It may surprise you to learn that John Calvin was just such a man. He is usually perceived as a stern, cold, austere scholar. But when you read his writings, you learn that devotion for Christ and a desire for His glory drove John Calvin. Certainly any man whose writings are not only still in print, but widely read and extolled, nearly 450 years after his death, is worth getting to know!

Calvin was born in France in 1509. When Martin Luther nailed his now-famous 95 theses to the door of the church in Wittenburg, Calvin was just 8 years old. Calvin’s home, like almost every other home in France, was Roman Catholic. His grandparents were common people; one grandfather was a barrel-maker and boatman, the other an innkeeper. Calvin’s father had improved his lot by becoming a successful lawyer. At first he determined that his son would be a clergyman, serving as a chaplain to one of the universities. But after Calvin had studied in this direction for a while, learning Latin and philosophy, his father changed his mind and decided that John should be a lawyer. Although John had no love for studying law, as a dutiful son he complied.

During these years, the printing press, which was less than 75 years old, was revolutionizing society by disseminating affordable editions of the Latin and Greek classics, as well as Greek and Hebrew Bibles. Many of the Reformation pamphlets and books were also being circulated. While Calvin studied law at Orleans, some of his friends had made the shift into the ranks of the Reformation. One was Calvin’s cousin, Pierre Robert, nicknamed Olivetanus (“Midnight Oil”) because of his habit of late night studying. Through his influence, Calvin began reading the Bible and began to abhor many of the superstitions and rites of the Roman Catholic Church. At some time in 1529 or early 1530 (some put it as late as 1532), Calvin was converted.

His only reference to his conversion is an obscure comment in the preface to his commentary on the Psalms. In setting forth his credentials to expound on the Psalms, Calvin compares himself with David, whom God chose from the sheepfold to be in a position of authority, in that God chose Calvin from humble beginnings to be a preacher of the gospel. He describes how he was pursuing a career in law. Then, in his words (Calvin’s Commentaries [Baker reprint] preface to Psalms, pp. xl, xli),

And first, since I was too obstinately devoted to the superstitions of Popery to be easily extricated from so profound an abyss of mire, God by a sudden conversion subdued and brought my mind to a teachable frame, which was more hardened in such matters than might have been expected from one at my early period of life. Having thus received some taste and knowledge of true godliness, I was immediately inflamed with so intense a desire to make progress therein, that although I did not altogether leave off other studies, I yet pursued them with less ardor.

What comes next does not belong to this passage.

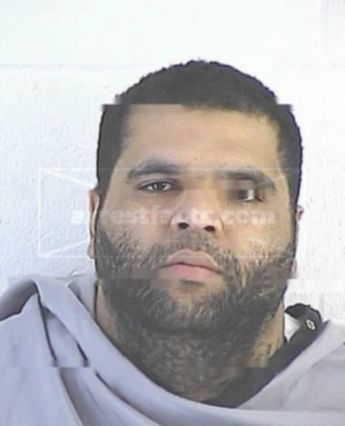 Micah Justin Haynes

He goes on to say that within a year, he was surprised to find that people who desired purer doctrine were coming to him to learn. Being a shy and reclusive man, he sought a place where he could be more withdrawn from public view, but God did not allow it and instead thrust him into public notice. In his attempt to get away, and to escape from official persecution in France, Calvin moved to Basel, Germany. While there, he heard reports of Christians being falsely accused and burned at the stake in France. He knew that if he kept quiet and did not do all within his power to oppose such tyranny, he would be a coward and traitor to the cause of Christ. This motivated him to write and publish the Institutes of the Christian Religion (preface to Psalms, pp. xli, xlii). The word “Institutes” might better be translated “Principles,” but it has so long been called the Institutes that that title has stuck.

The original edition (published in 1536, written before Calvin was 27, less than six years after his conversion) was a relatively brief treatise (about 500 pages) intended as an elementary manual for general readers who wanted to know something about the evangelical faith. He wanted to correct some of the slanderous things being said about those holding to the Reformation teachings and he wanted to provide instruction in matters of salvation and godliness for those who did not yet have a knowledge of God. He wanted to show that evangelicals held to the great creeds of Christendom, that they sought to obey God’s moral law, and that they were loyal to the established political order.

Thus he had two main purposes in writing the Institutes: first, to show that the evangelical faith was not some radical new thing, but rather the faith of Christ and the apostles, and that it was the Catholic Church that had departed far from the truths of the Bible. Second, he wanted to give instruction in the principles of salvation and godly living for people who desired to know God, but, invariably, had been led astray by Rome. T. H. L. Parker says, “Calvin intended it to be elementary” (John Calvin [Lion], p. 42).

The original version had six chapters on the Law, the Creed, the Lord’s Prayer, the sacraments, false sacraments, and final chapter on Christian liberty, church government, and civil government. The prefatory address to King Francis sought to persuade him to lift the persecution against evangelical Christians. John McNeill writes, “Calvin’s Institutes of the Christian Religion is one of the few books that have profoundly affected the course of history” (The History and Character of Calvinism [Oxford], p. 119). Throughout his life, he worked on multiple revisions, until the final version of 1559.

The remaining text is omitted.